New study below [1].
Some might think that men with low testosterone [T] would have a head start when beginning ADT. Ironically, "Lower baseline serum testosterone was significantly associated with worse study survival end-points in hormone naïve advanced prostate cancer patients undergoing continuous medical castration."
This is yet another study that associates low T with a poor prognosis.
Note that the cut-off for hypogonadism is 350 ng/dL.
"138 (16.5%) of 838 eligible men had baseline serum testosterone <250 ng/dL."
Looks like the significance of 250 ng/dL here is Morgentaler's saturation model cut-off. i.e. below 250, men were already on 'ADT-lite'.
"The lowest baseline serum testosterone quartile cut-off value was <282 ng/dL (n=206)." i.e. 25% of the men had T below 282.
-Patrick
[1] pubmed.ncbi.nlm.nih.gov/330...
J Urol
. 2020 Oct 9;101097JU0000000000001413. doi: 10.1097/JU.0000000000001413. Online ahead of print.
Does Baseline Serum Testosterone Influence Androgen Deprivation Therapy Outcomes in Hormone Naïve Advanced Prostate Cancer Patients?
Anup Patel 1
Affiliations collapse
Affiliation
1 Consultant Urological Surgeon and 1st Chair EAU Research Foundation Clinical Studies Committee, London, UK.
PMID: 33035140 DOI: 10.1097/JU.0000000000001413
Abstract
Purpose: To study baseline serum testosterone's prognostic value in hormone naïve advanced prostate cancer patients receiving continuous androgen deprivation therapy.

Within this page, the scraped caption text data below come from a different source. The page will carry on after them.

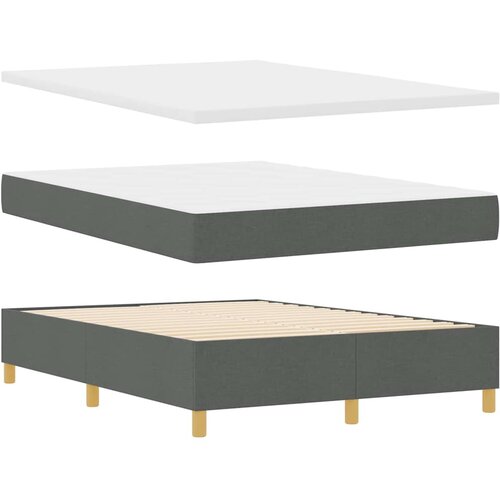  LED Box Spring Krevet Tamno siva 160 x 200 cm tkanina Slike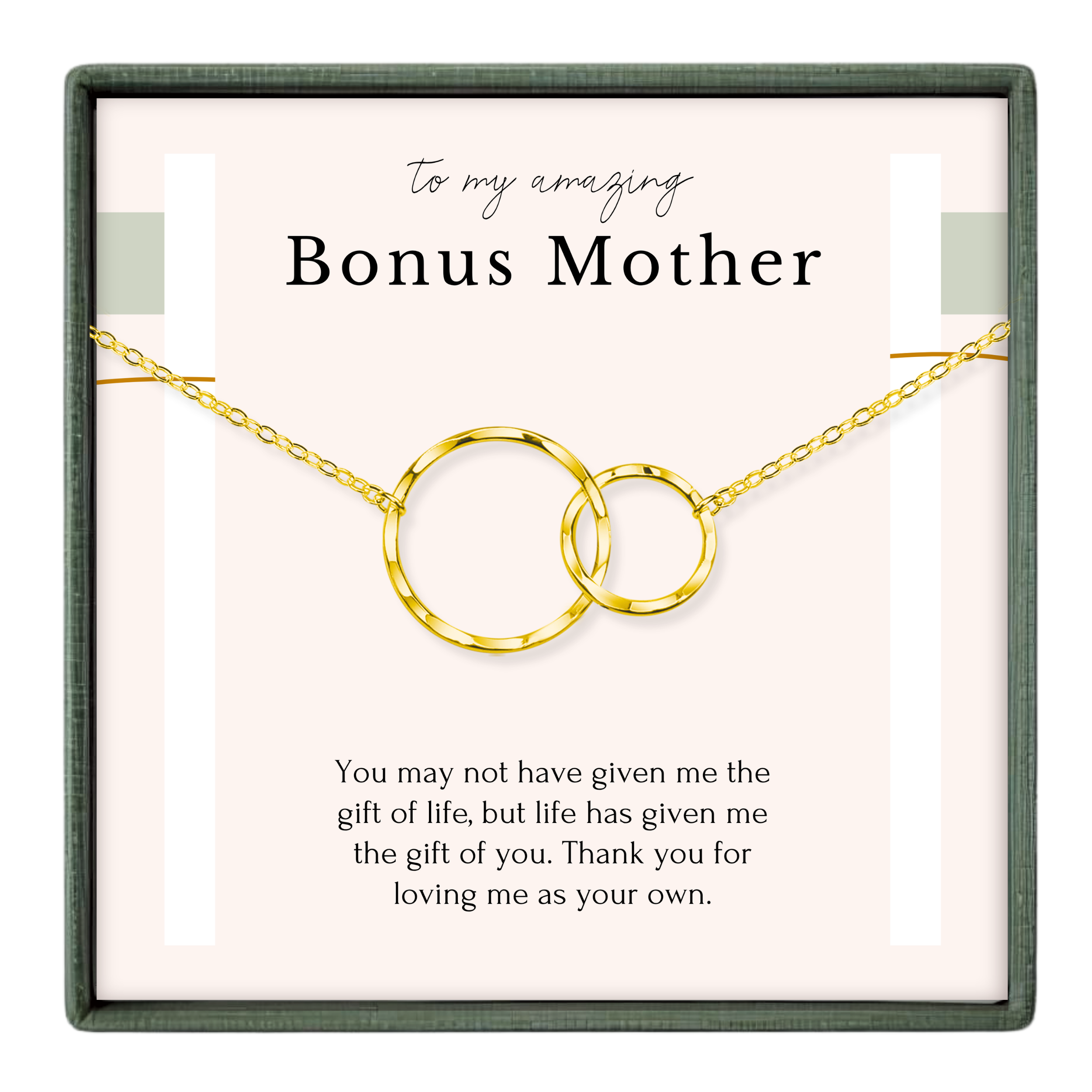 The image is a gift box containing a necklace with two gold rings, accompanied by a heartfelt message expressing gratitude and love for the mother.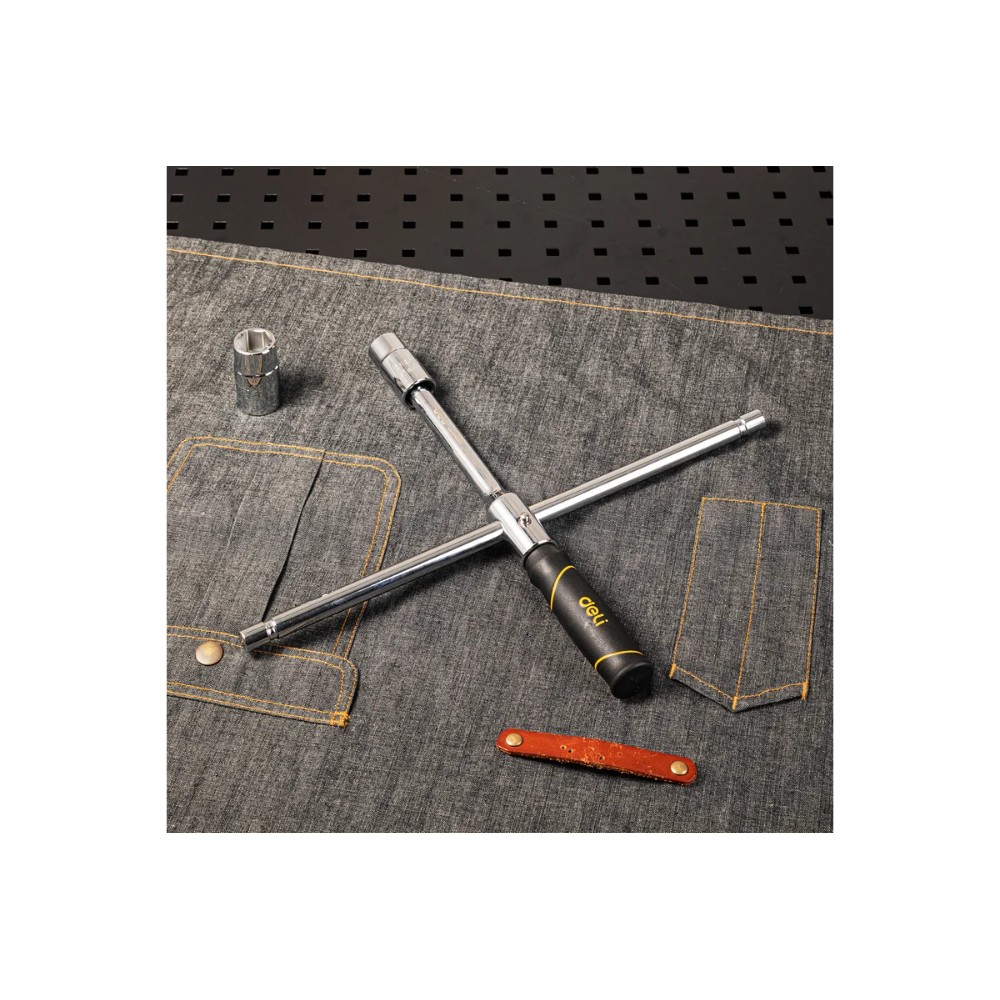 Ключ балонный крестообразный Deli YS EDL4416K, 17/19+21/23 мм, противоскользящая ручка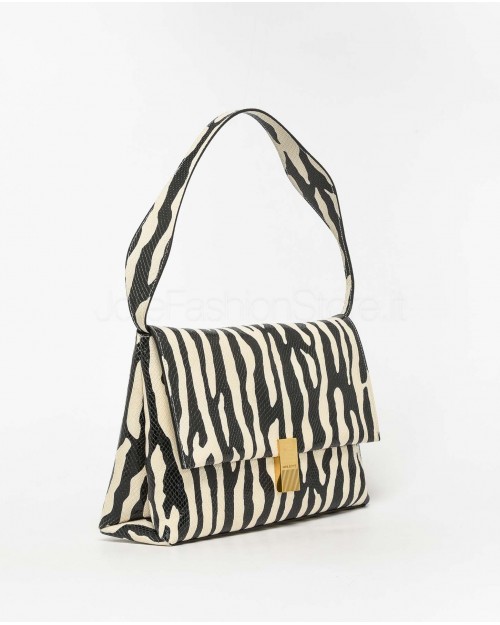 Mouliebre Borsa Vitello Stampa Zebra Bianco e Nero  OLIVIA BIANCO NERO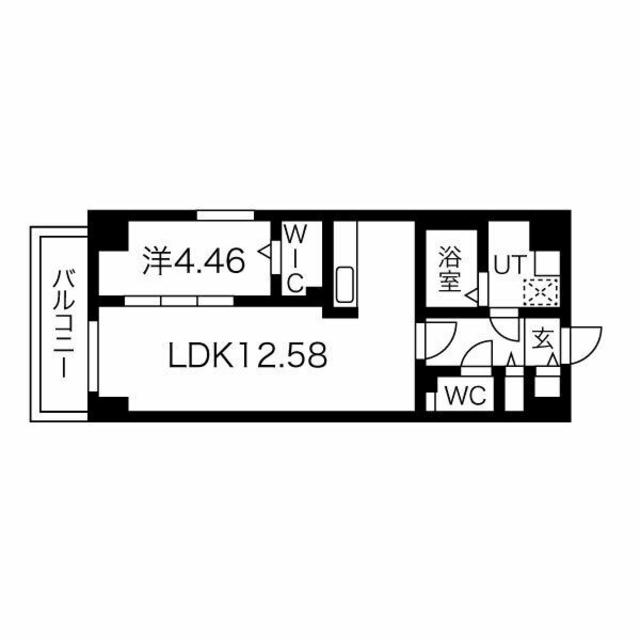 GRANDUKE松原CUORE(1LDK/7階)の間取り写真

Materials and methods: The study population undergoing continuous androgen deprivation therapy (agonist or antagonist) with 1-year follow-up was pooled for post-hoc analysis from two large prospective, randomized, parallel-arm phase 3b trials (NCT00295750-Global; NCT00928434-USA). Survival end-points were evaluated for baseline serum testosterone effect as a continuous variable, and compared for low (<250 ng/dL) vs. normal (>250 ng/dL) groups based on the saturation model, using Kaplan Meier survival estimates, log rank test, and Cox proportional hazards regression models incorporating established clinically important baseline factors.
Results: Limitations: On intention-to-treat analysis, 138 (16.5%) of 838 eligible men had baseline serum testosterone <250 ng/dL. Key cancer characteristics for low versus normal baseline serum testosterone cohorts were comparable; Gleason sum 7-10 (55 vs. 58%), stage and PSA >20 ng/ml categories (38% each). The lowest baseline serum testosterone quartile cut-off value was <282 ng/dL (n=206). Multi-variable analysis showed a significant baseline serum testosterone effect for all survival end points. For the saturation model low cut-off <250 ng/dL, significance remained for overall (HR 2.24; p <0.02) and progression free survival (HR 1.57; p <0.02), but not for time to PSA progression (HR 1.37; p=0.2).
Conclusions: Lower baseline serum testosterone was significantly associated with worse study survival end-points in hormone naïve advanced prostate cancer patients undergoing continuous medical castration. Future well-designed studies should compare continuous androgen deprivation therapy (the current gold standard) with newer alternatives, to optimize individualized management in these men.
Keywords: Low-testosterone; castration; prognostic; prostate cancer.